Service costs were estimated for four aggregated types of care: medical/dental treatment, mental health services, substance abuse services, and the total for all three types of services. Costs were estimated on the basis of average unit cost data compiled for a recent NIMH funded cost effectiveness study of treatment of schizophrenia (Rosenheck et. al., 2006).
Total health costs were also sub-grouped across types of service into inpatient and outpatient costs.
An evidence-based practices scale was used to measure the degree to which each of the 11 CICH networks was viewed by its core agencies as having implemented evidence-based practices, which included 18 practices identified in 2003 by the Substance Abuse and Mental Health Services Administration (SAMHSA) (SAMHSA, 2003). A higher score on this scale represented a greater use of evidence-based practices.
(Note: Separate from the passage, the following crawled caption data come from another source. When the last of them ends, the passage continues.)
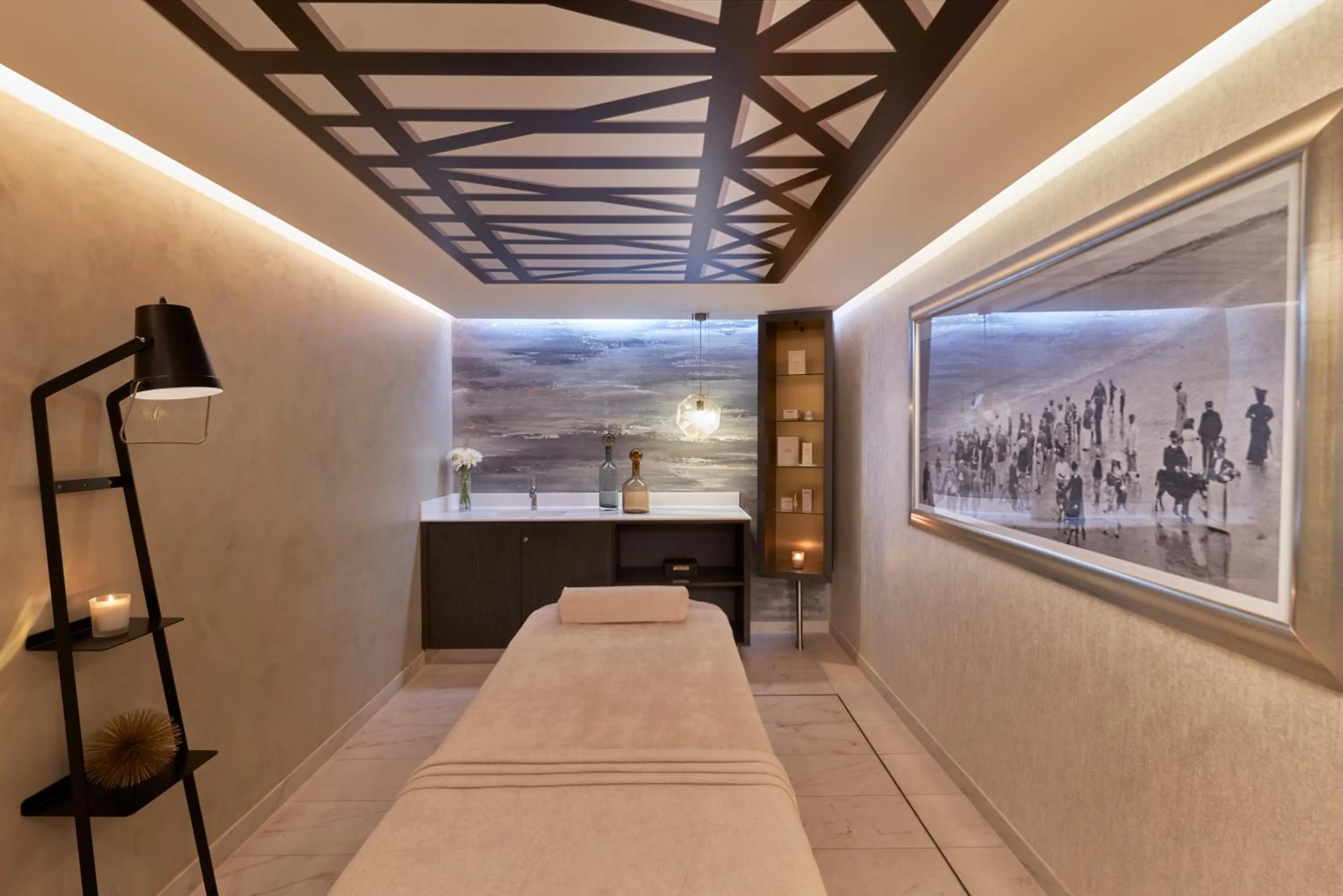 Spa and wellness centre/facilities, Bed in Hôtel Barrière L'Hermitage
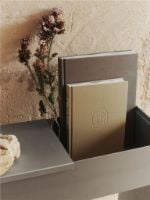 Bild von Ferm Living Lager Pflanzenkasten mit Regal B: 60 cm - Aluminium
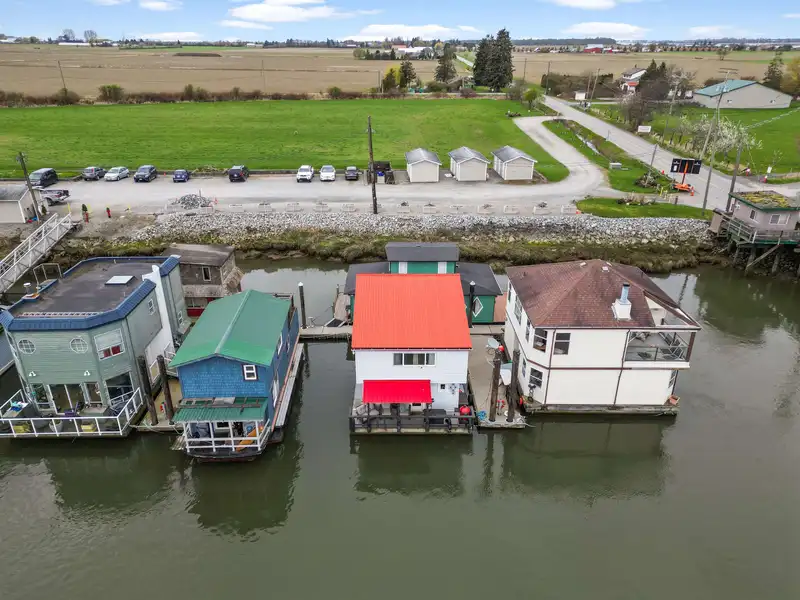 3 3350 WESTHAM ISLAND ROAD - photo 1 of 25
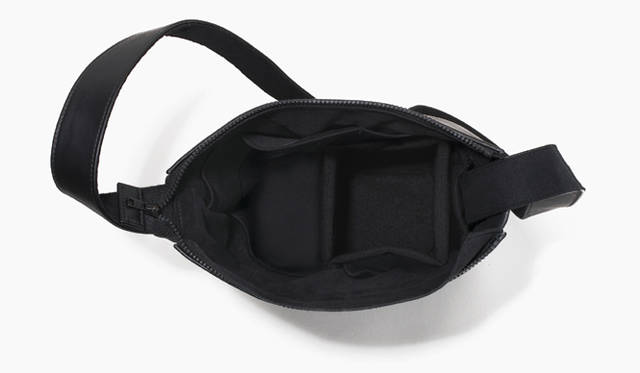 熊谷彰博｜ALEKOLE｜「OLYMPUS CAMERA BAG / CBG-2」<br><br>ファスナーを開ければ、すぐにカメラを取り出せるため、速写対応の構造ともいえる。内部には複数のポケットを装備。各種メディアやレンズキャップ、携帯電話などが収納可能となっている。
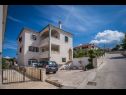 Appartamenti Aleks - 80m from the sea: A2(3+2) Postira - Isola di Brac  - la casa
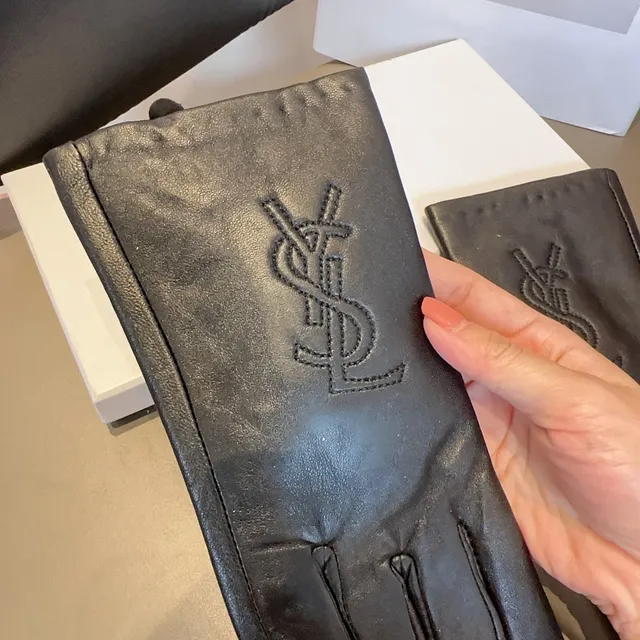 Saint Laurent Guantes de Cuero Negro con Monograma Embossado de Cuero Suave 8
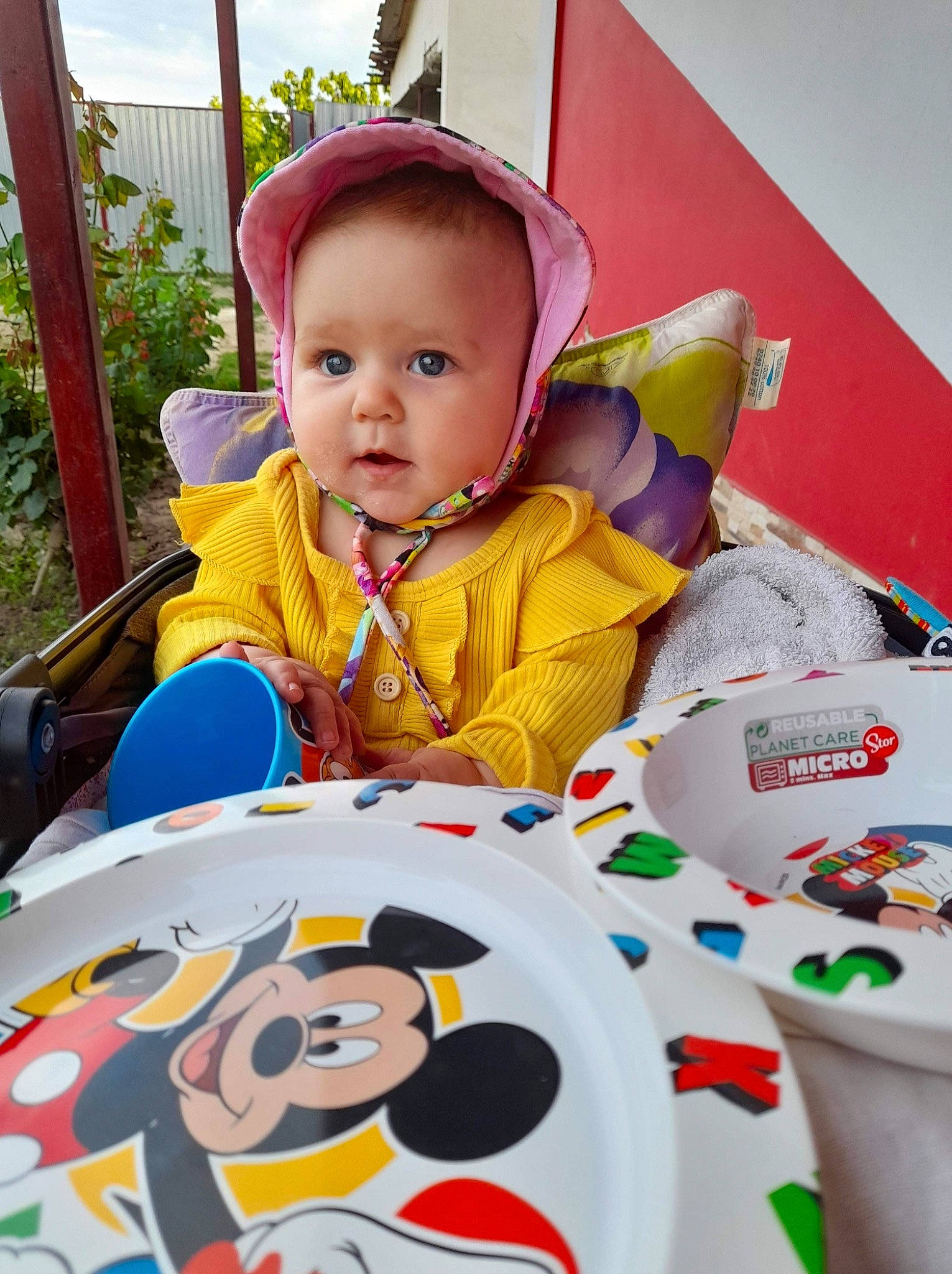 Eveline a rejoint le concours — aidez-le/la à gagner de superbes lots ! baby, baby_playing_with_toys, baby_products, baby_toddler_clothing, beauty, child, event, eye, face, facial_expression, fun, happy, head, leisure, person, pink, play, product, recreation, smile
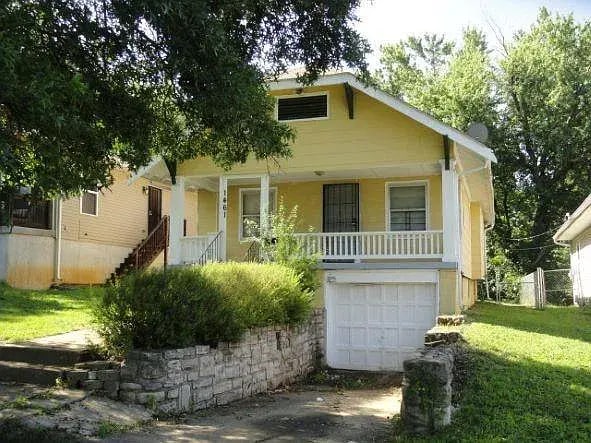 Photo - 1461 E 66th Ter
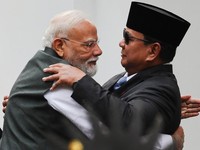 Foto: Perdana Menteri Republik India Narendra Modi (kiri) dan Presiden Republik Indonesia Prabowo Subianto. (REUTERS/Willy Kurniawan)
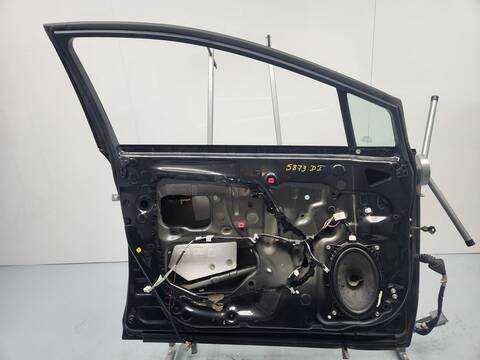 Foto 3ª: Puerta Delantera Izquierda Toyota Avensis ACTIVE 150CV 110KW [2ADFHV] (2009)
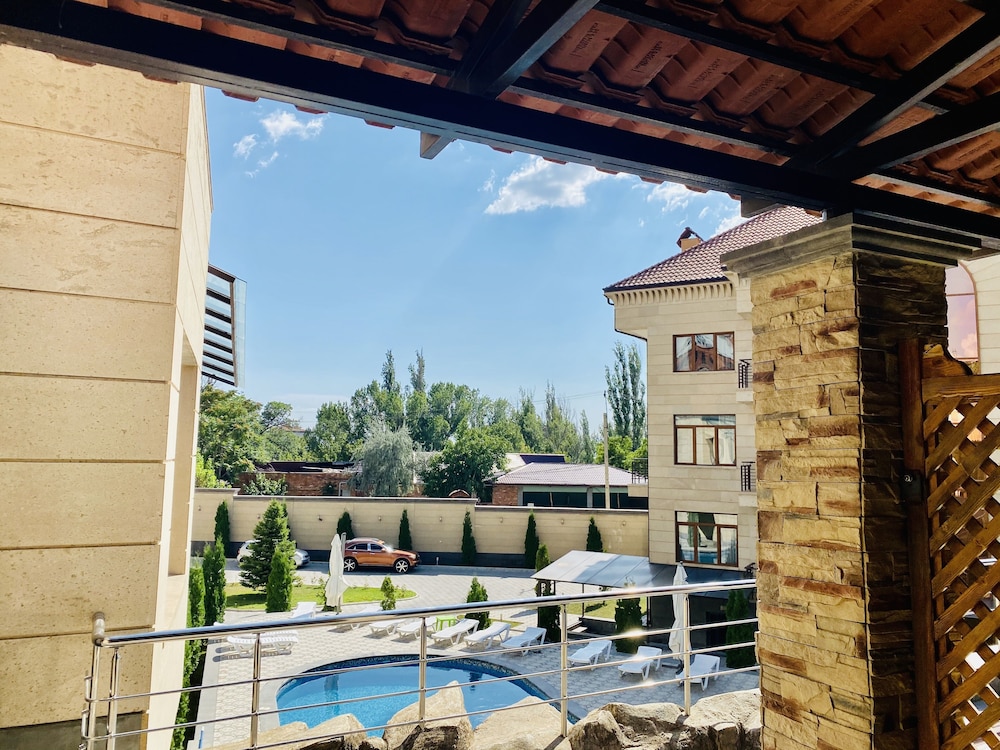 Grand Hills Hotel 21/50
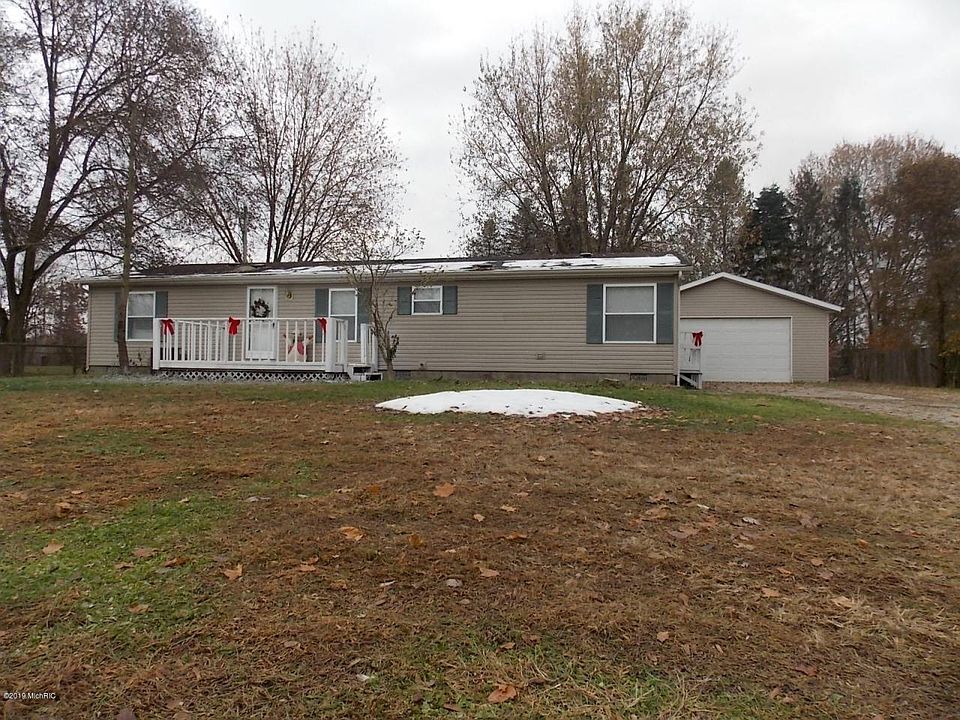 1st image of 19913 S Metcalf Ct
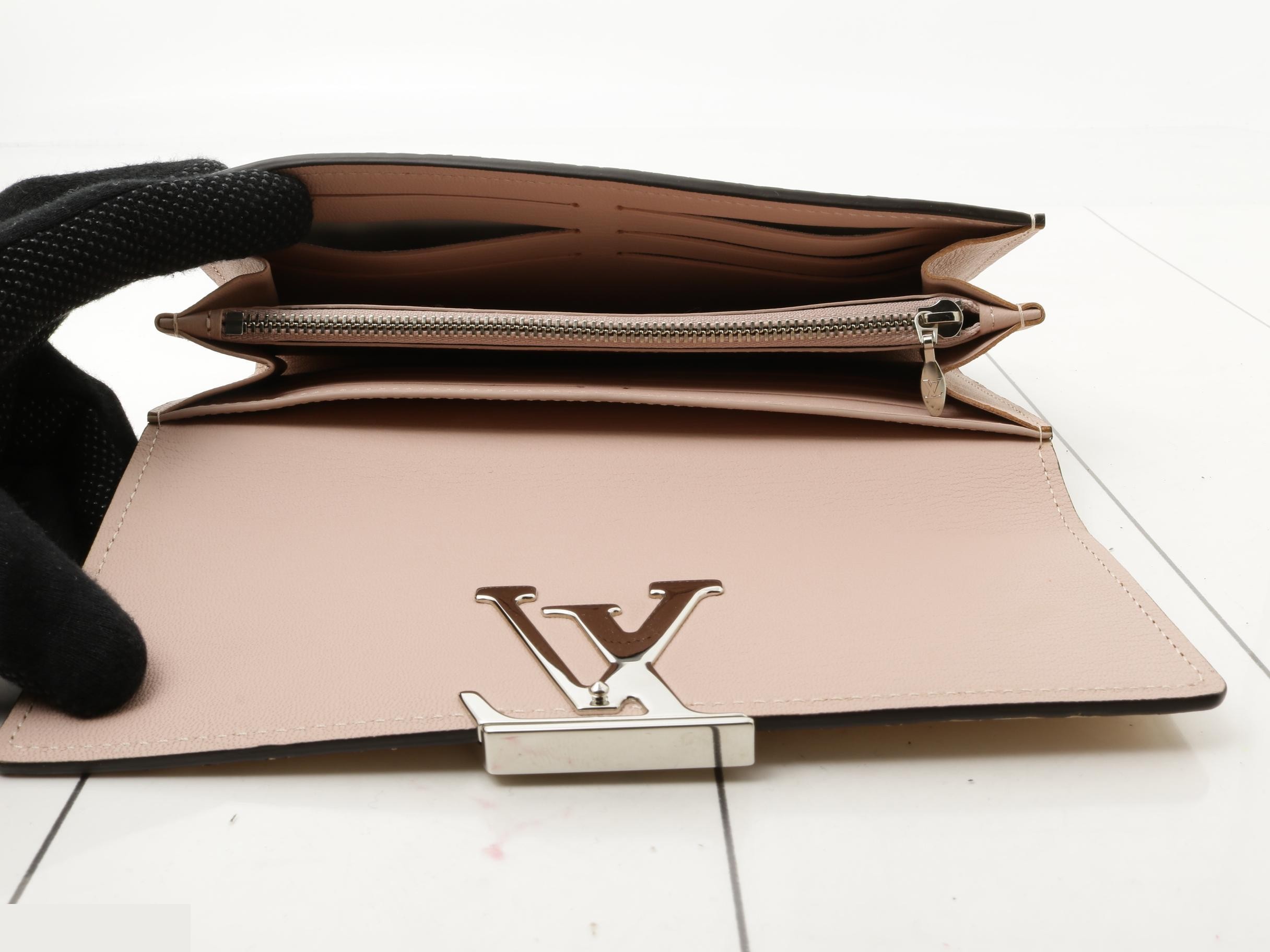 Capucines Long Wallet, Exotic Zippy Wallet, Unused — view 4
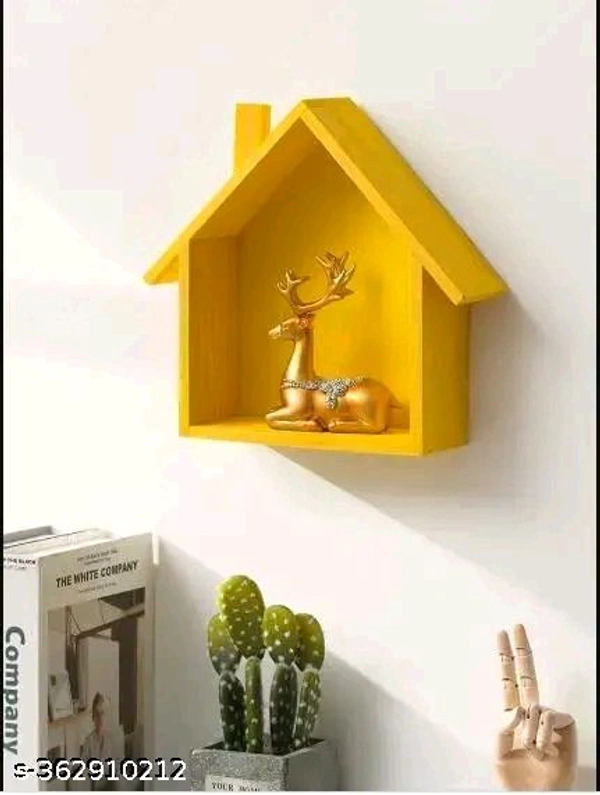 Hut PCENFAP063
Name: Hut
Material: Wooden
Ideal For: Living Room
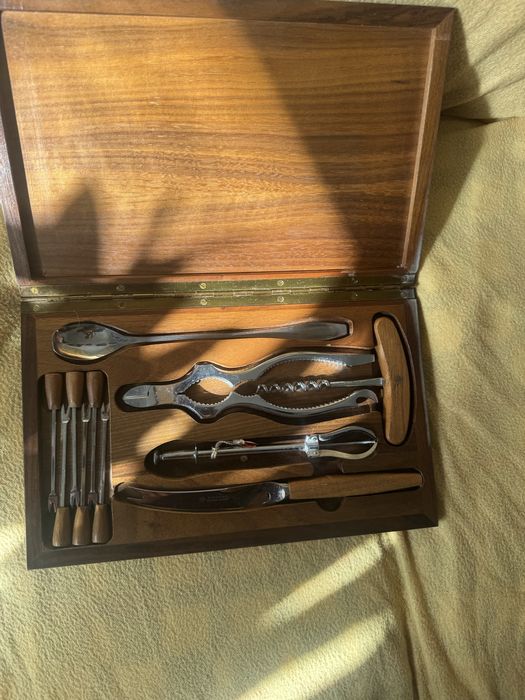 Caixa com itens de grande utilidade para tornar mais pratica a cozinha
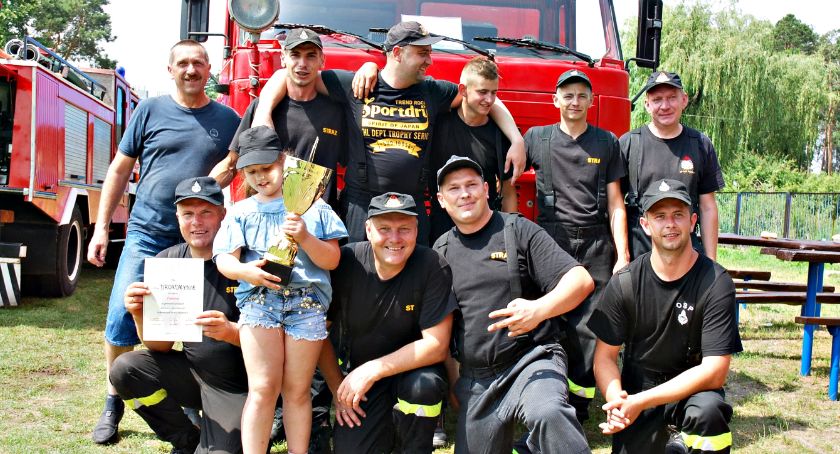 Rywalizacja strażaków - w gminie Sochocin wygrała OSP Drożdżyn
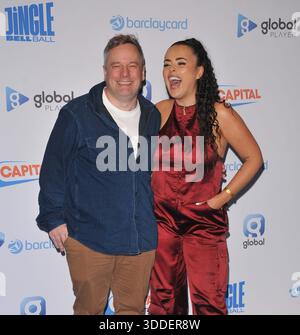 ANT Payne und Lydia Rodford beim Capital's Jingle Bell Ball mit Barclaycard, Tag 1, O2 Arena Greenwich, Peninsula Square, Samstag, den 06. Dezember Stockfoto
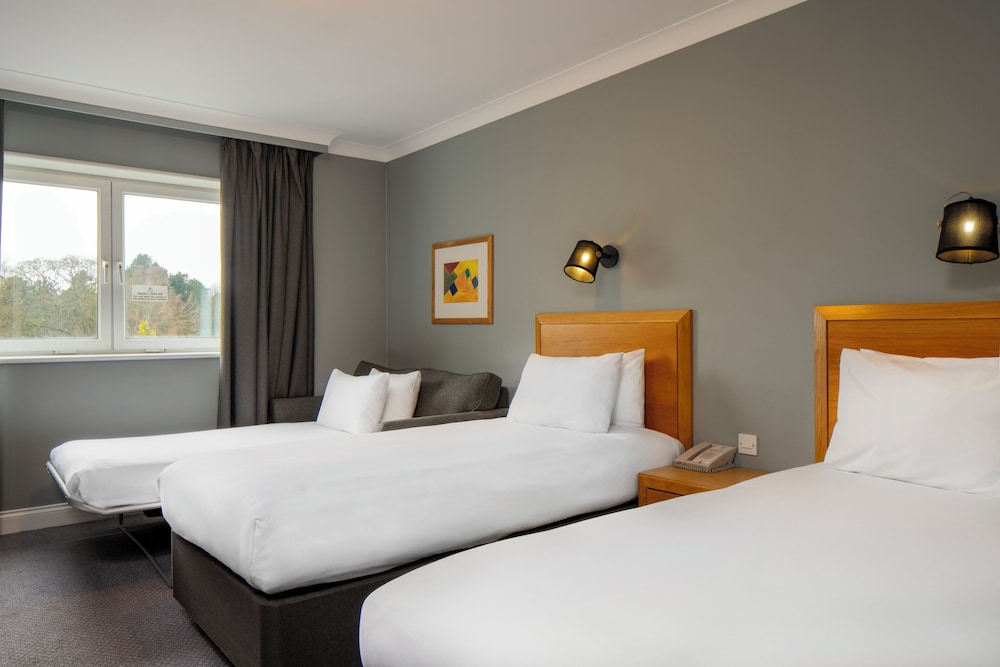 Habitación estándar, varias camas del hotel Holiday Inn Edinburgh Zoo by IHG. Foto 6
A services planning scale was developed to represent inter-agency joint planning and coordination, which included cooperation in serving clients, goal congruence, client referral, cooperative planning, co-location of staff and services, information sharing and communication.
Trust and respect
A third scale assessed the degree to which trust and respect existed between agency dyads. A higher score on this scale represented a higher level of trust and respect.
Exchange of resources
An exchange of resources scale was constructed to measure whether an active fiscal relationship existed between each pair of agencies at each site. For every pair of agencies this scale indicated whether there existed any transfer of resources.